**Work required:** From the records below, copy out exactly the lines from the one containing "Ein Rollstuhl ist" to the one containing "Laundry room with", both included. Add nothing else.

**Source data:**
+++++
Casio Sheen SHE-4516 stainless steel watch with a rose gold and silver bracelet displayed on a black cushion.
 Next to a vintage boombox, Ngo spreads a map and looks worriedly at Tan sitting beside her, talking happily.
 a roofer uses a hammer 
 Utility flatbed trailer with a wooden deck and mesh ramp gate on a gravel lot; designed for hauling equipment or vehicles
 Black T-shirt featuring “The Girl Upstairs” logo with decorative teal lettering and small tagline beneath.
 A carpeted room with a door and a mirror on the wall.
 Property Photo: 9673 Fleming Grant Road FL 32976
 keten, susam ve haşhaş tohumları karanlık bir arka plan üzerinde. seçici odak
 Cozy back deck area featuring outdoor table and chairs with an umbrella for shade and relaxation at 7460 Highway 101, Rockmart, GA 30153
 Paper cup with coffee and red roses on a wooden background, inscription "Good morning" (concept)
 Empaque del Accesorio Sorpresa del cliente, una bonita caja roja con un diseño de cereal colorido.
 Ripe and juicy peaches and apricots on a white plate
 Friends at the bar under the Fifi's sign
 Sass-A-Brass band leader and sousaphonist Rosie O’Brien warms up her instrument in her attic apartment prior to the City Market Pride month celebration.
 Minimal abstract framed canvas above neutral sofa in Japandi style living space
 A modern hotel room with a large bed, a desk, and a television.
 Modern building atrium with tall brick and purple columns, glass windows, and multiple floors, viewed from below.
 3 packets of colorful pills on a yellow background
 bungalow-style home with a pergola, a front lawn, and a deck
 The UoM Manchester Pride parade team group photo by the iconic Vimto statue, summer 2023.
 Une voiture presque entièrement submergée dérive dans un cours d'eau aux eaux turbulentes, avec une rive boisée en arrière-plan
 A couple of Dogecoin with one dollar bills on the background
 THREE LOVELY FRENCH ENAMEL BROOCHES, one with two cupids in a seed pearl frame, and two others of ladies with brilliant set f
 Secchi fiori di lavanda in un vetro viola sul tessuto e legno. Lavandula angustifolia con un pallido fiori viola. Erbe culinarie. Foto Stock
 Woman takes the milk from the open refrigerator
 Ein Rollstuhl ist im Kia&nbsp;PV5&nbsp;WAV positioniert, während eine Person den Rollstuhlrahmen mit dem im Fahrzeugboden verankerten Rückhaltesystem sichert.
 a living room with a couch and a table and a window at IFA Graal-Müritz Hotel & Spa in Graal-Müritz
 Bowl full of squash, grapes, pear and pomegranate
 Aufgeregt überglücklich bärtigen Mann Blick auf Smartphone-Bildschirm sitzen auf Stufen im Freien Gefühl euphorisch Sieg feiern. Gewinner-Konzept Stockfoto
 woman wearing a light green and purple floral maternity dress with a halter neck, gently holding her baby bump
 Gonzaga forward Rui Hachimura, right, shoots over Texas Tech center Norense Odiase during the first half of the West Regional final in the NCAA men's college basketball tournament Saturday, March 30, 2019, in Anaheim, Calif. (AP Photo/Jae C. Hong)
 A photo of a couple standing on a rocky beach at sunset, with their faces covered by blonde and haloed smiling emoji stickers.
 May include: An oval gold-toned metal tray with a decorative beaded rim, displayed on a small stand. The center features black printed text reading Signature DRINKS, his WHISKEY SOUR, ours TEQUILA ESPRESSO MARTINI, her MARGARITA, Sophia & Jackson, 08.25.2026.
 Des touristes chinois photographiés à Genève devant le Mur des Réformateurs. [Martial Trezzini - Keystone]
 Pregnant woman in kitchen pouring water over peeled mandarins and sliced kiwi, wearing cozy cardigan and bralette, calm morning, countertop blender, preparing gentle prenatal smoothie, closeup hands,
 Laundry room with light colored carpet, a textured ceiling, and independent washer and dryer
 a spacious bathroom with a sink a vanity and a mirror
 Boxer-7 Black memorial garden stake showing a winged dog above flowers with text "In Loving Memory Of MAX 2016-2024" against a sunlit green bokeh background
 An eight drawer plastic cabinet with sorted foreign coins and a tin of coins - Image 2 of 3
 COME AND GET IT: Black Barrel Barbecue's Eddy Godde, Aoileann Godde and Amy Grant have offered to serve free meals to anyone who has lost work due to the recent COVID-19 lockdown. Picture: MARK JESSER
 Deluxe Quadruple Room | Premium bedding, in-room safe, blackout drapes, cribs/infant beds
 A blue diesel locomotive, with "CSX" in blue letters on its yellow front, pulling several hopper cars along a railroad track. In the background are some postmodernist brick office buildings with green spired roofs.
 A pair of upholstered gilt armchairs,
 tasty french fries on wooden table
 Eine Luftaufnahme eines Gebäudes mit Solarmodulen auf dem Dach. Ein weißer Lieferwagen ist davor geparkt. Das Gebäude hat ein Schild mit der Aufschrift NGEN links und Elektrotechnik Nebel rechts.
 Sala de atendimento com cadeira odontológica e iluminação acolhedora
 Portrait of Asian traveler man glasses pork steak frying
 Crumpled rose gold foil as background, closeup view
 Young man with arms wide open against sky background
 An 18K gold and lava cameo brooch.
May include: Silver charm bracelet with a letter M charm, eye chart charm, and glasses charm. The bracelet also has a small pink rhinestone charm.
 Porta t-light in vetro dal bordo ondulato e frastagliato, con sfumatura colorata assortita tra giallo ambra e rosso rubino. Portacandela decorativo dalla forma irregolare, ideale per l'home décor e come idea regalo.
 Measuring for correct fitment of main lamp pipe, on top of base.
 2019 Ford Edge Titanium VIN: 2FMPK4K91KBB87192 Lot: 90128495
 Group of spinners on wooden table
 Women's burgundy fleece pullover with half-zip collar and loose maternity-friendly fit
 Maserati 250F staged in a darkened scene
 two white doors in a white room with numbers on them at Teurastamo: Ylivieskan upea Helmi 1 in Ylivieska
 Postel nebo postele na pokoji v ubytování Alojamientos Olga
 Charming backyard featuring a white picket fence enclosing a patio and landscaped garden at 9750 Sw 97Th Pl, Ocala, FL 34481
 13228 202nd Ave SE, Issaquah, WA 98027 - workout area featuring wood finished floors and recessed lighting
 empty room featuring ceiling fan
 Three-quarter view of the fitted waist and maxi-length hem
+++++
**Your solution:**
 Ein Rollstuhl ist im Kia&nbsp;PV5&nbsp;WAV positioniert, während eine Person den Rollstuhlrahmen mit dem im Fahrzeugboden verankerten Rückhaltesystem sichert.
 a living room with a couch and a table and a window at IFA Graal-Müritz Hotel & Spa in Graal-Müritz
 Bowl full of squash, grapes, pear and pomegranate
 Aufgeregt überglücklich bärtigen Mann Blick auf Smartphone-Bildschirm sitzen auf Stufen im Freien Gefühl euphorisch Sieg feiern. Gewinner-Konzept Stockfoto
 woman wearing a light green and purple floral maternity dress with a halter neck, gently holding her baby bump
 Gonzaga forward Rui Hachimura, right, shoots over Texas Tech center Norense Odiase during the first half of the West Regional final in the NCAA men's college basketball tournament Saturday, March 30, 2019, in Anaheim, Calif. (AP Photo/Jae C. Hong)
 A photo of a couple standing on a rocky beach at sunset, with their faces covered by blonde and haloed smiling emoji stickers.
 May include: An oval gold-toned metal tray with a decorative beaded rim, displayed on a small stand. The center features black printed text reading Signature DRINKS, his WHISKEY SOUR, ours TEQUILA ESPRESSO MARTINI, her MARGARITA, Sophia & Jackson, 08.25.2026.
 Des touristes chinois photographiés à Genève devant le Mur des Réformateurs. [Martial Trezzini - Keystone]
 Pregnant woman in kitchen pouring water over peeled mandarins and sliced kiwi, wearing cozy cardigan and bralette, calm morning, countertop blender, preparing gentle prenatal smoothie, closeup hands,
 Laundry room with light colored carpet, a textured ceiling, and independent washer and dryer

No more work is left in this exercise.